***** RECORD SET *****
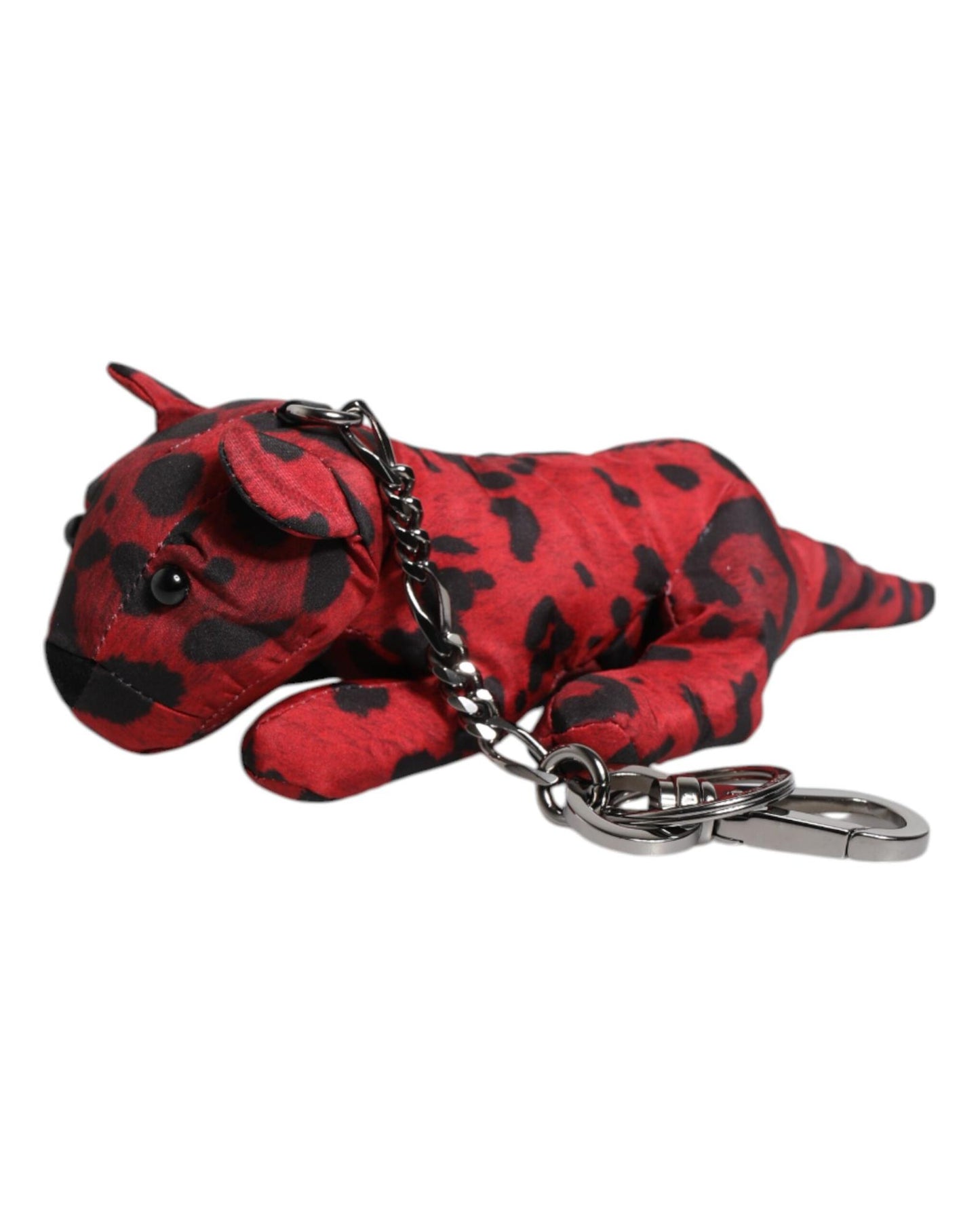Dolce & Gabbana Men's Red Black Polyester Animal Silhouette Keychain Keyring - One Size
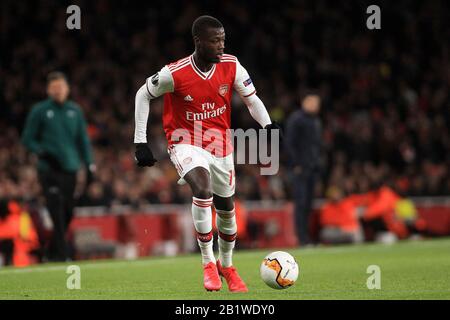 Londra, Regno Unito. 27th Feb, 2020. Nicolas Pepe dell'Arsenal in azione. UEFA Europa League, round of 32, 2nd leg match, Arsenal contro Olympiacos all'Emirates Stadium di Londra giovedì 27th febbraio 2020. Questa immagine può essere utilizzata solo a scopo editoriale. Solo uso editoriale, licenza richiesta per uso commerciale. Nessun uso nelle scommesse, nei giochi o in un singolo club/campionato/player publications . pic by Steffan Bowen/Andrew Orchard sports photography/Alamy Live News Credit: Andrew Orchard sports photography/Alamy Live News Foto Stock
*****
***** RECORD SET *****
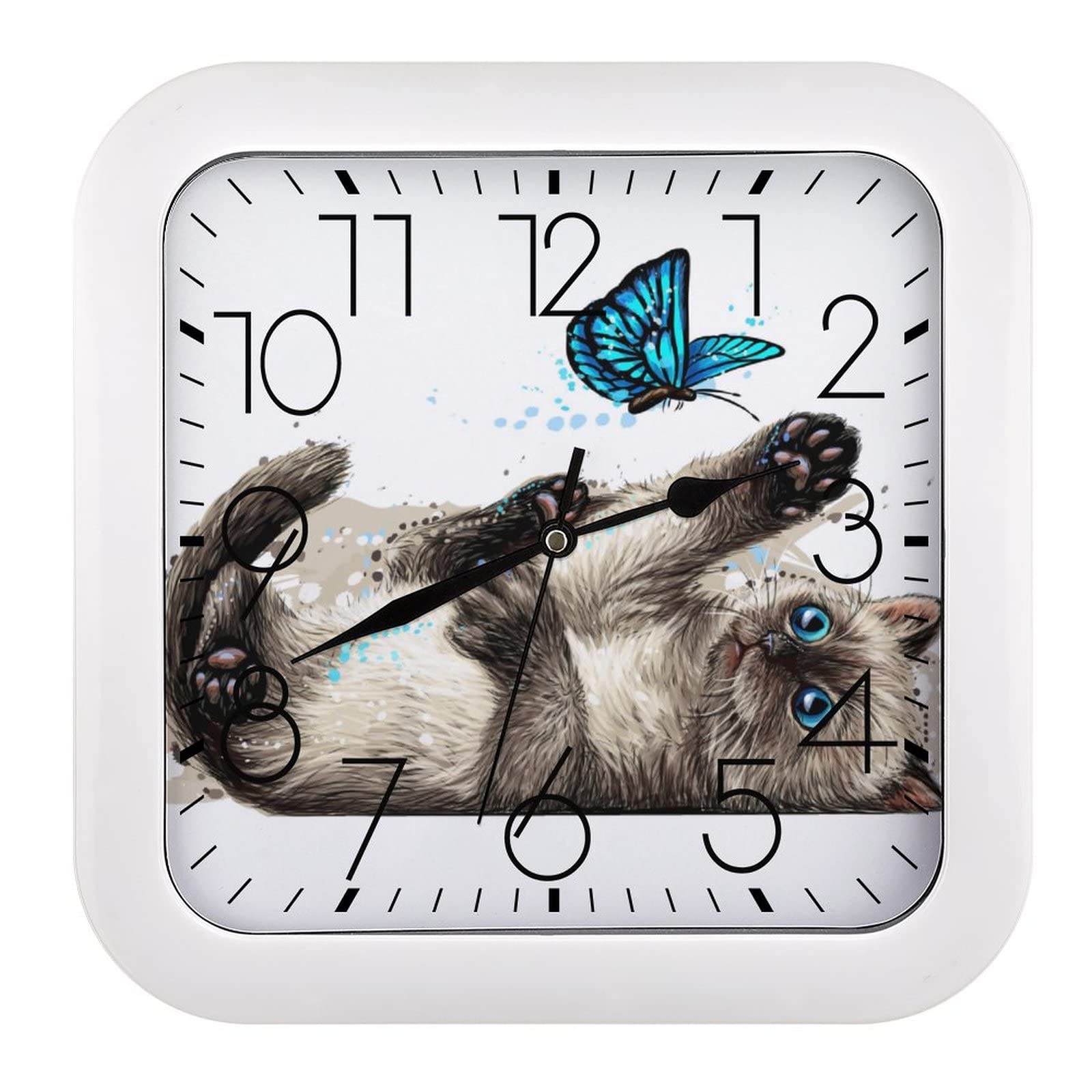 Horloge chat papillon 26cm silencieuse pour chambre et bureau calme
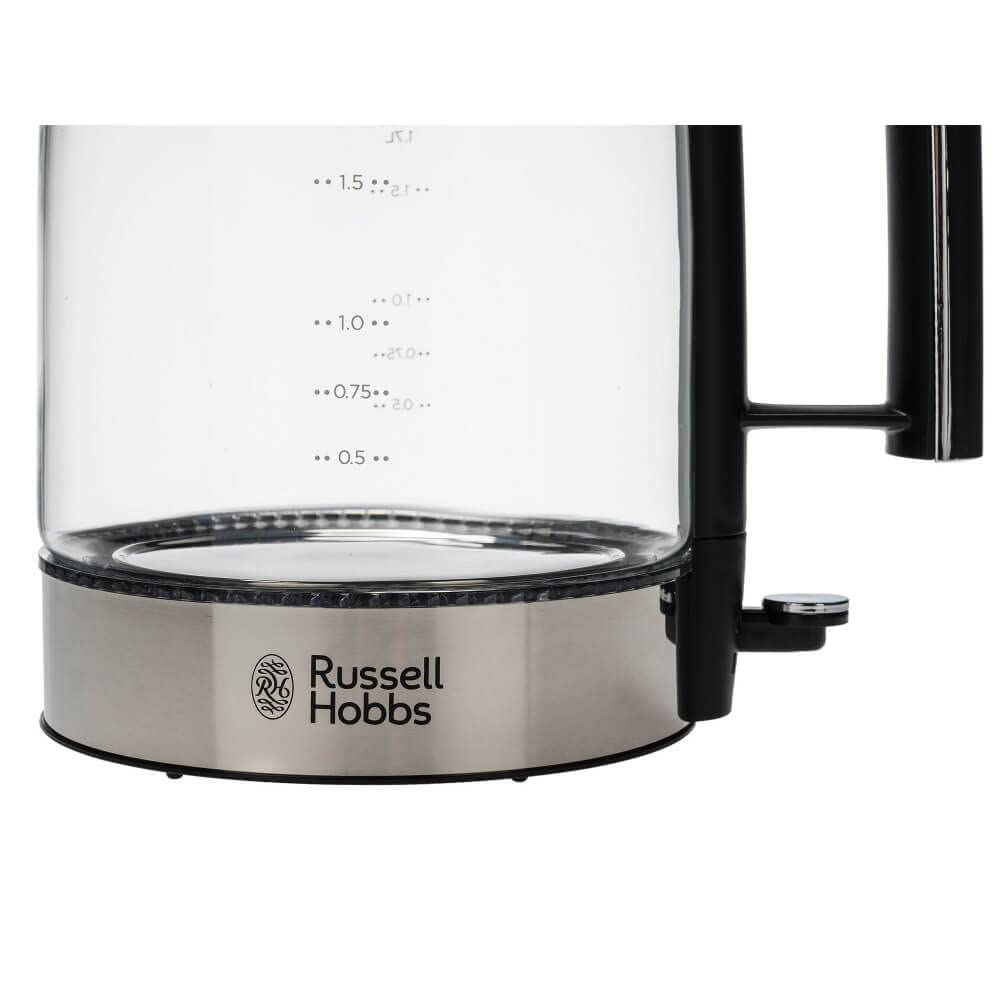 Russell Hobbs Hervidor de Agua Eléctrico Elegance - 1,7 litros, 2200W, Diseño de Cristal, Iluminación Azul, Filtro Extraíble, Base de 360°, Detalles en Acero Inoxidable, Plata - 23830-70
*****
■ **GOAL OF THE EXERCISE**:
Look above for the line with "Dolce & Gabbana", then print it and each line after it down to and including the line with "Londra, Regno Unito.". Leave out the pictures and keep the wording exact.

■ **ANSWER FOR THIS EXERCISE**:
Dolce & Gabbana Men's Red Black Polyester Animal Silhouette Keychain Keyring - One Size
 Londra, Regno Unito. 27th Feb, 2020. Nicolas Pepe dell'Arsenal in azione. UEFA Europa League, round of 32, 2nd leg match, Arsenal contro Olympiacos all'Emirates Stadium di Londra giovedì 27th febbraio 2020. Questa immagine può essere utilizzata solo a scopo editoriale. Solo uso editoriale, licenza richiesta per uso commerciale. Nessun uso nelle scommesse, nei giochi o in un singolo club/campionato/player publications . pic by Steffan Bowen/Andrew Orchard sports photography/Alamy Live News Credit: Andrew Orchard sports photography/Alamy Live News Foto Stock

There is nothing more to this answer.